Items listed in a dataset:
*****

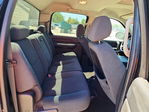 Chevrolet Silverado 2007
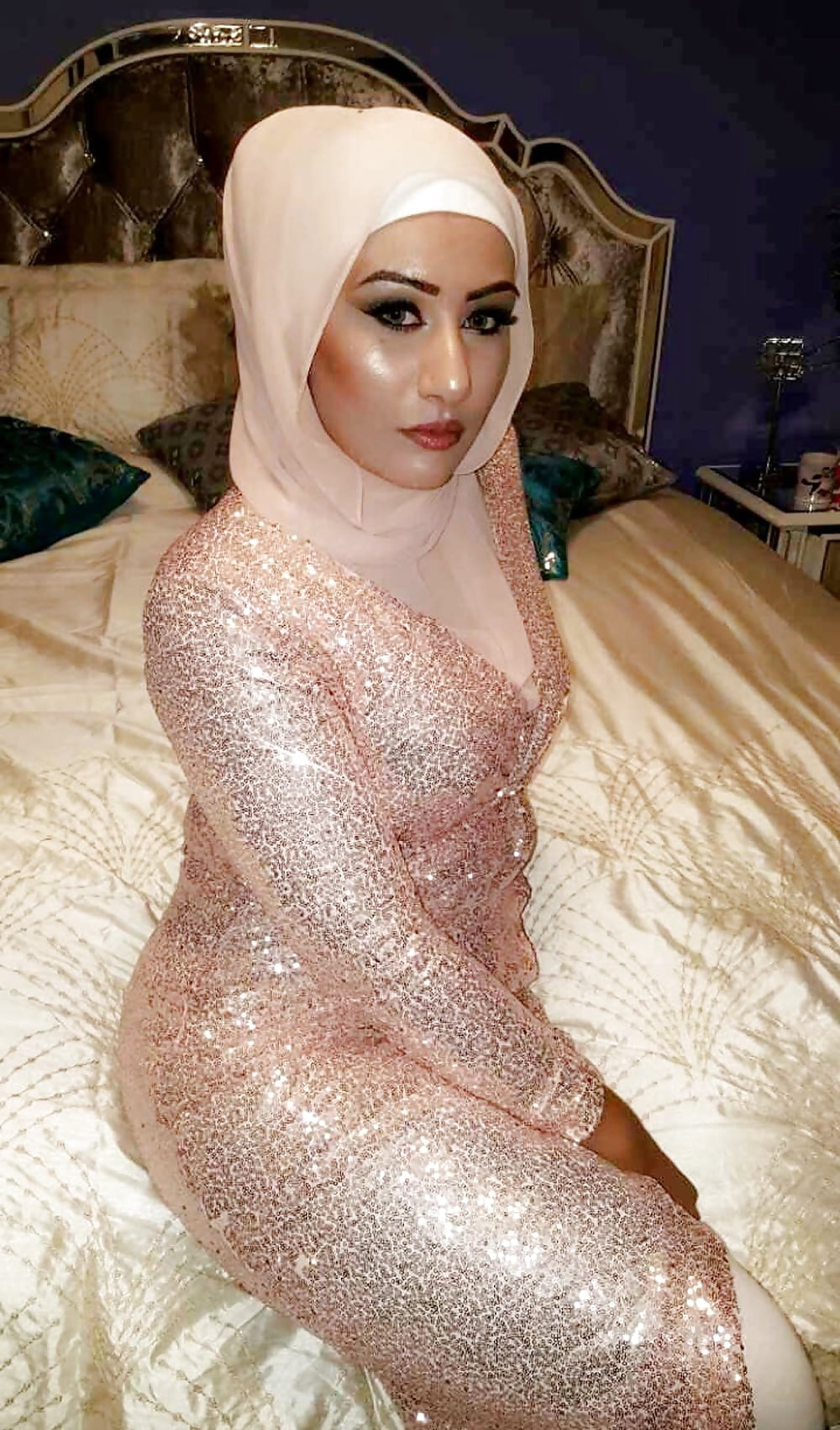 Sex Gallery Beurette arab hijab muslim 55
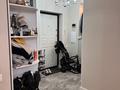 2-комнатная квартира · 65 м² · 9/10 этаж, Аскарова Асанбая 21 за 65 млн ₸ в Алматы, Бостандыкский р-н — фото 2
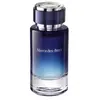 Image de Mercedes-Benz For Men Ultimate Eau de parfum 1000 ml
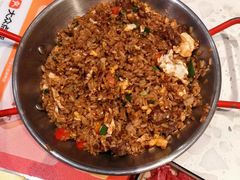-小城牛事·鲜牛肉火锅(万达店)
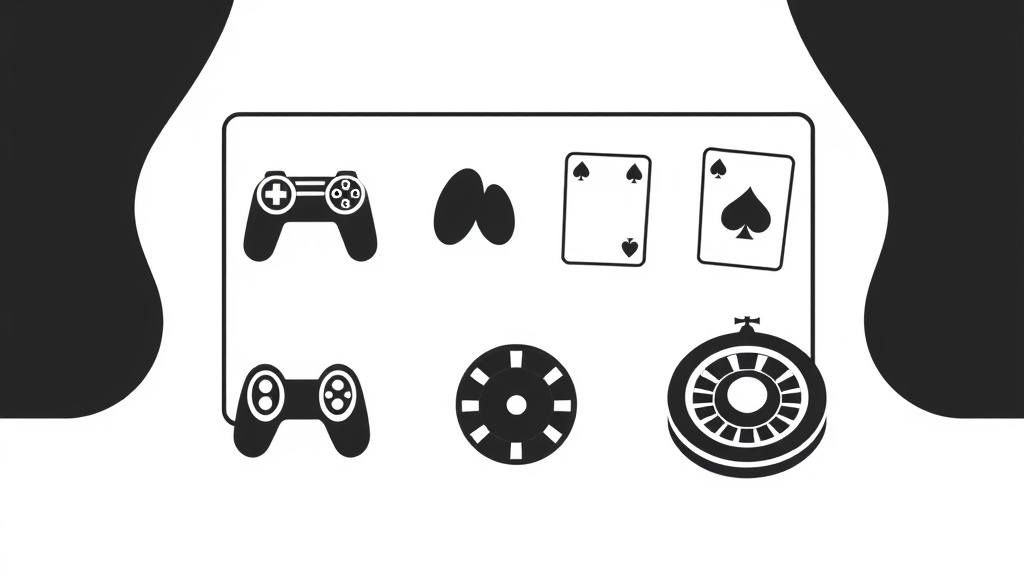 Banner www.khanuotsach.vn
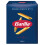 Penne Rigate n 73 500g - Barilla 1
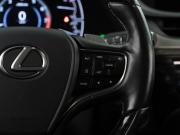 Lexus ES VII Москва  - изображение 45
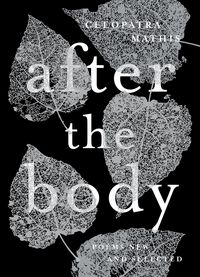 Produktbild: After the Body
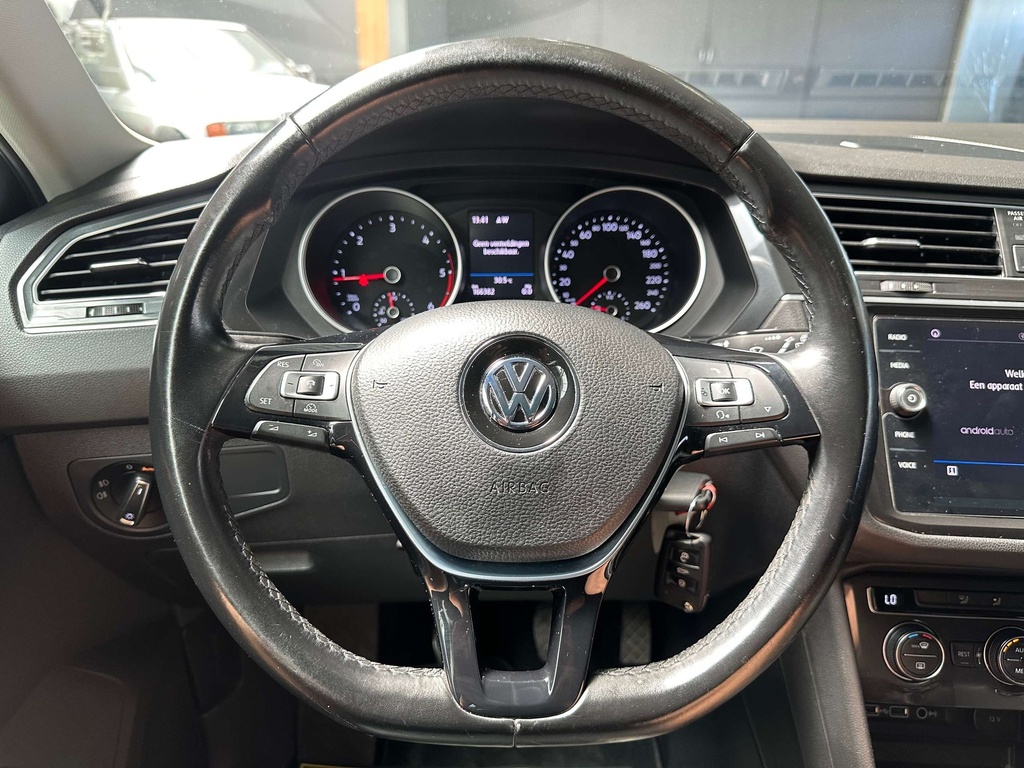 Autoscout Image 9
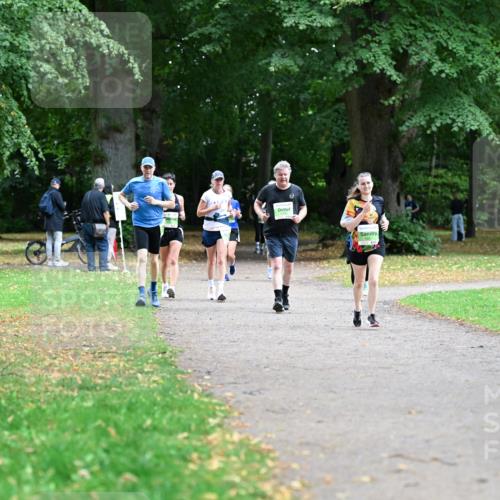 30.08.2026 - Blankeneser Heldenlauf Dr. Thomas Lammeyer http://msf.ph/oto/10022523 30.08.2026 10:15:10 Laufen  meine-sportfotos.de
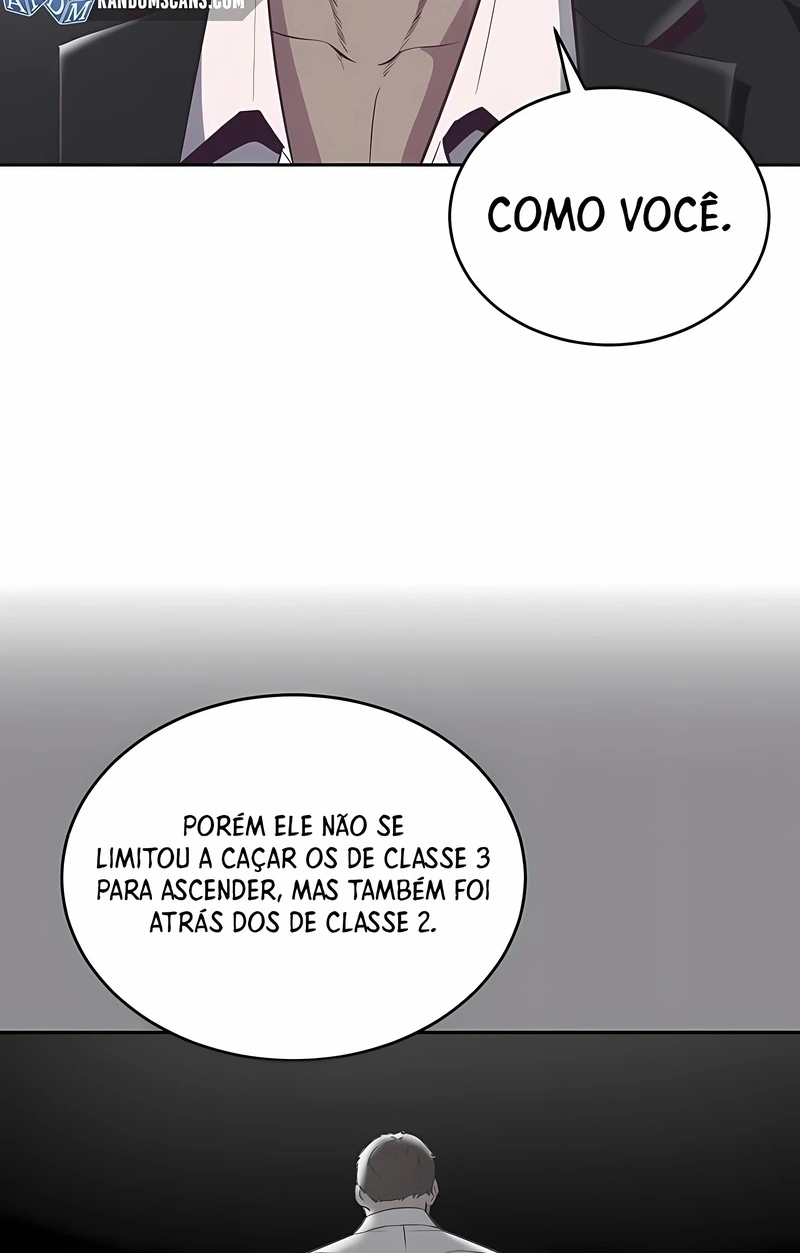 O Garoto da Morte Capítulo 109 Página 67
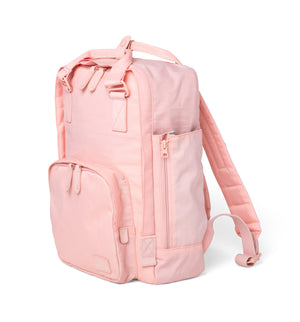 Cama (M) Pale Pink - Pacific Mason display picture 1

*****

> TASK DETAILS:
Transcribe exactly the lines that go from the one holding "Penne Rigate n 73 500g - Barilla 1" through the last line of the entries, both included, and nothing besides them. Do not include any pictures.

> SOLUTION TO THE PROBLEM:
 Penne Rigate n 73 500g - Barilla 1
 Lexus ES VII Москва  - изображение 45
 Produktbild: After the Body
 Autoscout Image 9
 30.08.2026 - Blankeneser Heldenlauf Dr. Thomas Lammeyer http://msf.ph/oto/10022523 30.08.2026 10:15:10 Laufen  meine-sportfotos.de
 O Garoto da Morte Capítulo 109 Página 67
 Cama (M) Pale Pink - Pacific Mason display picture 1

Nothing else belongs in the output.